Background

Intention-to-treat (ITT), per protocol (PP), and as treated (AT) methods have commonly been used to analyze data from experimental studies involving human subjects. ITT analysis includes all patients regardless of whether they adhered to the prescribed protocol and is recommended as the least biased method to estimate treatment effects in randomized controlled trials (RCTs)[14]. Excluding patients from the analysis who do not adhere to the assigned treatment is called per protocol (PP) analysis. It is designed to measure the treatment effects only in patients who complied with the treatment and ignores the ones who were intended to receive treatment but did not actually receive it [57]. Not discarding information and analyzing patients according to the treatment received rather than intended is called as treated (AT) or treatment received analysis [4, 7]. On its face value PP and AT analysis seem to be reasonable alternatives to ITT. However, both estimates can be unreliable because non-compliance to the protocol cannot be assumed random and may be related to many factors, which may include adverse events, prognosis, etc. and lead to selection bias compromising the purpose of randomization.

Differences in the calculated estimates using ITT, PP and AT methods can be considerable[6]. A recent study comparing treatment effects using ITT versus PP methods concluded that on average, the PP estimate (log odds ratio [OR]) is 1.25 times the ITT estimate [8]. The choice then seems to be between ITT analyses that eliminate selection bias and produces conservative estimates in favor of no treatment effects versus PP analyses that aim to produce actual but biased treatment effects.
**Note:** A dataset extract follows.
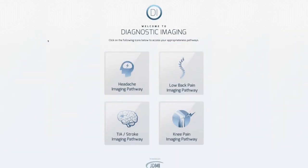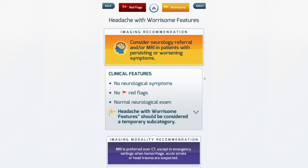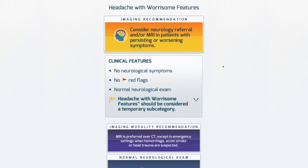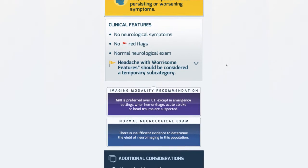For example, if your patient comes with a headache — let's say a headache that has worrisome features — the imaging recommendation pops up immediately, followed by clinical features.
As an alternative to ITT, PP or AT analysis, instrumental variable (IV) methods have been proposed [6, 9]. IV analysis derives potentially unbiased estimates of treatment effects and has been extensively discussed and applied in the medical literature, both in the context of individual RCTs [1012] and observational studies [1317]. However, the IV methodology based on the treating center prescribing preference (CPP) has not been applied in the context of individual patient data meta-analyses (IPD MA), which has been described as the gold standard for combining evidence from existing clinical trials [1820]. Specifically, the effects of unaccounted confounding variables in the context of RCTs (e.g. effect of co-interventions in one arm versus other) have not been systematically evaluated. We are interested in applying the IV methodology in the context of IPD MA and AT data. Specifically, our objective is to test the strength of CPP as an instrument and obtain less biased estimates of the effect of methotrexate (MTX) on chronic graft-versus-host-disease (cGVHD) in transplant patients with hematological malignancies.

Methods

Previously collected IPD from nine separate randomized controlled trials were used to address the objective of this study [21]. The study was approved by the University of South Florida Institutional Review Board, which is accredited by the Association for the Accreditation of Human Research Protection Programs. Transplant patients were randomized to receive either peripheral blood stem cell transplant (PBSCT) or bone marrow transplant (BMT). Chronic GVHD is one of the most serious complications of stem cell transplantation that is associated with significant morbidity and mortality. The incidence of cGVHD is significantly increased in the patients who receive PBSCT [22], which on the other hand may provide benefits in terms of the increases in the overall and disease free survival. In order to counter the negative effects of cGVHD, particularly related to the use of PBSCT, some centers preventatively administered four doses of MTX (on days 1, 3, 7, and 11), while others administered three doses (on days 1, 3, and 7). It is not clear if the fourth dose of MTX provides an additional prophylactic effect on the incidence of cGVHD. Three centers prescribed three doses of MTX and six centers prescribed four doses of MTX to all their patients. Out of 1107 patients, 135 had missing values for cGVHD and were therefore not evaluable for the outcome and excluded. The analysis was not adjusted for the missing values of cGVHD, as attempts to impute data would produce results using assumptions that currently cannot be justified on a theoretical or empirical basis. We re-analyzed the data using IV methodology and center prescribing preference (CPP) as the instrument to correct for non-compliance. The distribution of CPP and cGVHD by the number of doses of MTX actually received is summarized in Table 1.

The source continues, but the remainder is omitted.